### Action item
Below is a listing to repeat exactly, with its pictures left out.

### Collected data
-=-=-

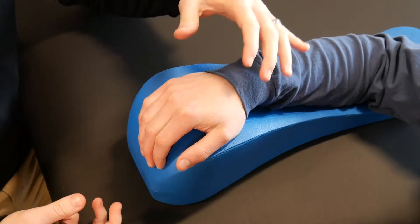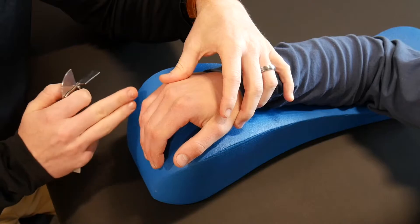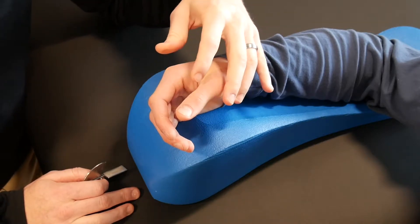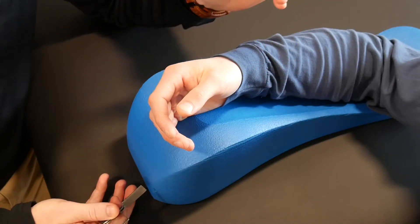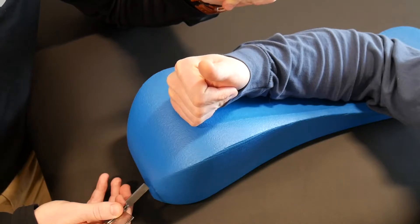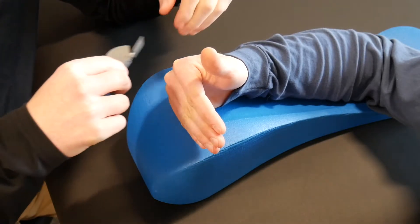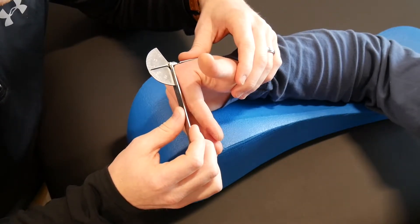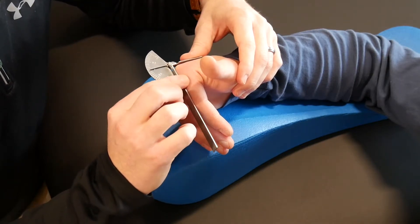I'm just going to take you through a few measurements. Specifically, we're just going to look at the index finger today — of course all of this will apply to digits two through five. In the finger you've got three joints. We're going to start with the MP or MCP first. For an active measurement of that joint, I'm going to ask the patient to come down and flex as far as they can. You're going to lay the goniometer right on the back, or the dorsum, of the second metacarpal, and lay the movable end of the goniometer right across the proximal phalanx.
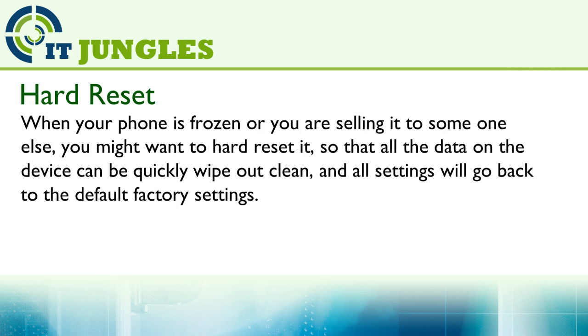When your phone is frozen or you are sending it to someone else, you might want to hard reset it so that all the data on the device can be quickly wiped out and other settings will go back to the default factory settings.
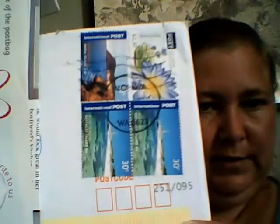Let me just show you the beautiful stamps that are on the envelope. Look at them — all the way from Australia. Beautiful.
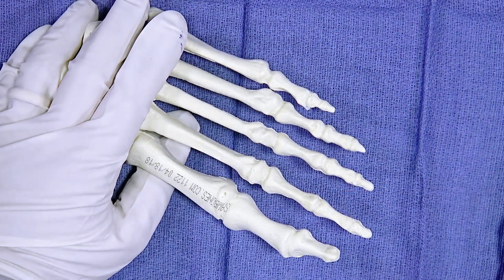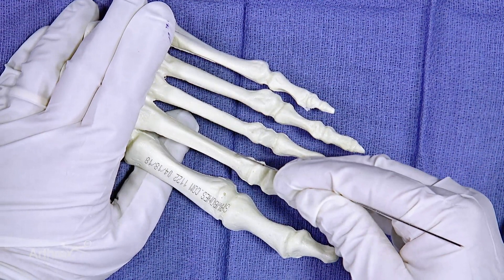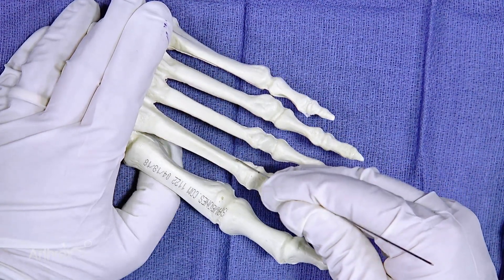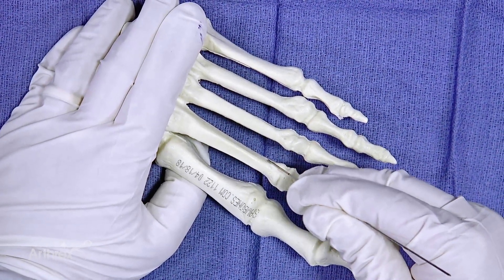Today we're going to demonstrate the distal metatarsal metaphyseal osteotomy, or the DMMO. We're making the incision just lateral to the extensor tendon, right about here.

-=-=-

### Written solution
I'm just going to take you through a few measurements. Specifically, we're just going to look at the index finger today — of course all of this will apply to digits two through five. In the finger you've got three joints. We're going to start with the MP or MCP first. For an active measurement of that joint, I'm going to ask the patient to come down and flex as far as they can. You're going to lay the goniometer right on the back, or the dorsum, of the second metacarpal, and lay the movable end of the goniometer right across the proximal phalanx.
When your phone is frozen or you are sending it to someone else, you might want to hard reset it so that all the data on the device can be quickly wiped out and other settings will go back to the default factory settings.
Let me just show you the beautiful stamps that are on the envelope. Look at them — all the way from Australia. Beautiful.
Today we're going to demonstrate the distal metatarsal metaphyseal osteotomy, or the DMMO. We're making the incision just lateral to the extensor tendon, right about here.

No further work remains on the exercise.